New scientific analysis looks at the problem of orbital junk

Sep 7, 2011 22:01 GMT  ·  By

As the Space Age began, the Soviet Union and the United States started a space race that saw numerous rockets, satellites and astronauts being sent to orbit. Later, when other countries joined, activity levels increased until finally the amount of junk they put in orbit while doing so posed tremendous risks.

According to the results of a new report on the threat of space junk, tiny and small bits of debris are the most dangerous sort to hit an outgoing rocket, space probe or manned spacecraft. This is the opinion of Sigrid Close, a professor of astronautics at the Stanford University.

As if to make matters worse, we are not the only ones who are clogging the orbit.
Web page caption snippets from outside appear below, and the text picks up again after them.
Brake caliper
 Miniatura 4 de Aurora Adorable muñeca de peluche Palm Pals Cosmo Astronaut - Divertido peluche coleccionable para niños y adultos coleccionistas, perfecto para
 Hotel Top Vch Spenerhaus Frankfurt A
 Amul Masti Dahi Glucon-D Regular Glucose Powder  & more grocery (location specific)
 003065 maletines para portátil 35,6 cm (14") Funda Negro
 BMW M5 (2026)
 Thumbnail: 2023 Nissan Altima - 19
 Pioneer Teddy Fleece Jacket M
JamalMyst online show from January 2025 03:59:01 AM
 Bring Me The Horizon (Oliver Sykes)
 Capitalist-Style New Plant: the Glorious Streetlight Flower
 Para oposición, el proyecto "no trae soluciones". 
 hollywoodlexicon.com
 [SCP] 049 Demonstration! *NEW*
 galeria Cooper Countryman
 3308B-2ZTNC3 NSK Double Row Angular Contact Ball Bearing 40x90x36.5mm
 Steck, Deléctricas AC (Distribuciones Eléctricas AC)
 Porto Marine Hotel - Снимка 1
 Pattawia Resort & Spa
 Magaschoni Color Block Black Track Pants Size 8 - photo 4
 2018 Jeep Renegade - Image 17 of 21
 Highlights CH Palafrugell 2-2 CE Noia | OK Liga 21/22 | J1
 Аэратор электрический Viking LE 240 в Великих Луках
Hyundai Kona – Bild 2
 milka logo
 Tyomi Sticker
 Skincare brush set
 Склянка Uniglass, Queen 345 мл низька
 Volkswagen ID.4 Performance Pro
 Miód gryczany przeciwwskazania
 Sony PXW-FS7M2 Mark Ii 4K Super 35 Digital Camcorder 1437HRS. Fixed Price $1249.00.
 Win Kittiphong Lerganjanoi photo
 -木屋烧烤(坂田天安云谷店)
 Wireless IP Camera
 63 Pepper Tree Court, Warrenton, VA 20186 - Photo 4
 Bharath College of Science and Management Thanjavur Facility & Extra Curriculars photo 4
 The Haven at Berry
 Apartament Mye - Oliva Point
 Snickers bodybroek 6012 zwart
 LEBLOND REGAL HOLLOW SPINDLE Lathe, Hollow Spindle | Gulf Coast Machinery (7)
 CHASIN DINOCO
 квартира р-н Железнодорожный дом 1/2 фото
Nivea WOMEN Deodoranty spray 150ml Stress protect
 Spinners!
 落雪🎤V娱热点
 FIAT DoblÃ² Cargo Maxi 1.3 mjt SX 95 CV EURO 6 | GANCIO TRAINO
There are also other classes of naturally-occurring materials that do the same. Collectively called meteoroids, they are equally dangerous, or perhaps even more so, than the larger man-made debris out there.

Statistics compiled by several space agencies indicate that the incidence of collisions between spacecraft and meteoroids is higher than that between spacecraft and man-made debris. However, this difference is constantly getting smaller as more and more junk is produced in space.

In the United States, the responsibility for detecting and tracking human-made objects and debris falls on the US Air Force (USAF), which uses powerful radars to carry out this task.

Data posted on the USAF website indicate that around 22,000 pieces of space debris larger than 10 centimeters zip around Earth at speeds around 7 kilometers per second. However, this figure does not account for the vast amount of smaller objects that cannot be readily tracked via radar.

Close authored the meteoroid section of the report alongside University of Western Ontario (UWO) professor of astronomy Peter Brown. The experts say that several billion such particles orbit the Earth, damaging spacecraft at a rate of one per year.

“One of the issues we raised was that everyone is focused on the impacts of the larger particles and nobody is looking at the mechanism for electrical failures and anomalies associated with small, fast particles, even though it appears as though this is how satellites are failing,” Close explains.

“This would occur from very fast-moving particles and could happen from particles as small as a nanogram. Why are spacecraft having anomalies during high-speed meteor showers?” she adds.

Lately, increasing numbers of experts have begun warning space agencies and governments about the risks associated with increasing amounts of space debris and meteoroid particles around Earth.

Some have even begun investigating methods of getting rid of the larger pieces, which are dangerous because they can collide with each other and be disintegrated into millions of tiny pieces. At this point however, there are only few proposals on how to deal with the smaller particles.